We can now calculate an estimate of the rational credence by applying the function ex/(ex+1) to the log-odds-ratio. This will be equivalent to the standard Bayesian calculation of the rational credence. But as we learn from the cube case, we don't in general get the best estimate of a quantity y that is a mathematical function of another quantity x by measuring x with normally distributed error and computing the corresponding y. When the function in question is convex, my best estimate for y will be higher than what I get in this way. When the function is concave, I should lower it. Thus, as long as we are dealing with small normal error in the log-odds-ratio, when we are dealing with probabilities bigger than around 0.7, I should lower my credence from that yielded by the Bayesian calculation, and when we are dealing with probabilities smaller than around 0.3, I should raise my credence relative to the Bayesian calculation. When my credence is between 0.3 and 0.7, to a decent approximation I can stick to the Bayesian credence, as the transformation function between log-odds-ratios and probabilities is pretty linear there.

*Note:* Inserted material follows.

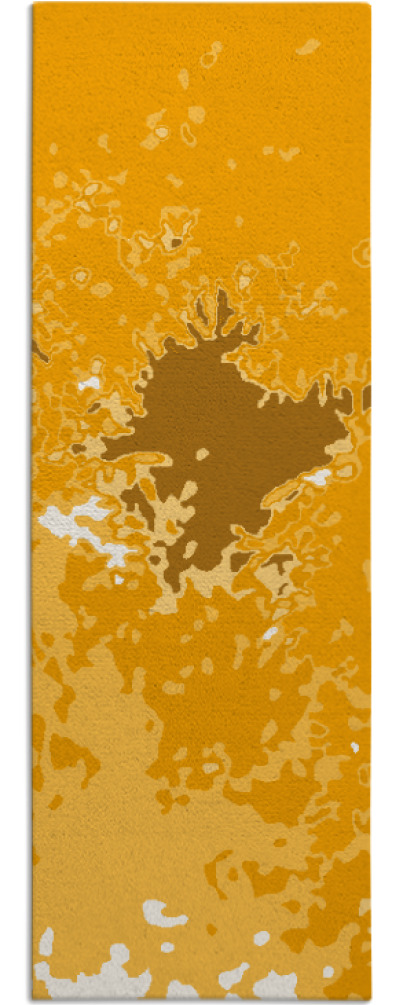 celebration rug - item 774469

How much difference does this correction to Bayesianism make? That depends on what the actual normally distributed error in log-odds-ratios is. Let's make up some numbers and plug into Derive. Suppose my standard deviation in log-odds-ratio is 0.4, which corresponds to an error of about 0.1 in probabilities when around 0.5. Then the correction makes almost no difference: it replaces a Bayesian's calculation of a credence 0.01 with a slightly more cautious 0.0108, say. On the other hand, if my log-odds-ratio standard deviation is 1, which corresponds with a variation of probability of around plus or minus 0.23 when centered on 0.5, then the correction changes a Bayesian's calculation of 0.01 to the definitively more cautious 0.016. But if my log-odds-ratio standard deviation is 2, corresponding to a variation of probability of 0.38 when centered on 0.5, then the correction changes a Bayesian's calculation of 0.01 to 0.04. That's a big difference.

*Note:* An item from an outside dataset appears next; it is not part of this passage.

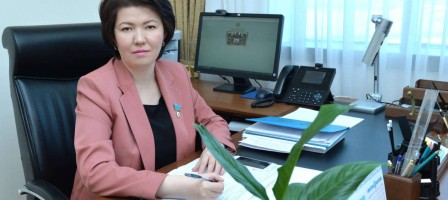 Оқу бағдарламасына қатысты маңызды шешім: пәндер біріктірілмейді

There is an important lesson here. When I am badly unsure of the priors and/or likelihoods, I shouldn't just run with my best guesses and plug them into Bayes' theorem. I need to correct for the fact that my uncertainty about priors and/or likelihoods is apt to be normally (or at least symmetrically about the right value) distributed on the log-odds scale, not on the probability scale.

This could be relevant to the puzzle that some calculations in the fine-tuning argument yield way more confirmation than is intuitively right (I am grateful to Mike Rota for drawing my attention to the last puzzle, in a talk he gave at the ACPA).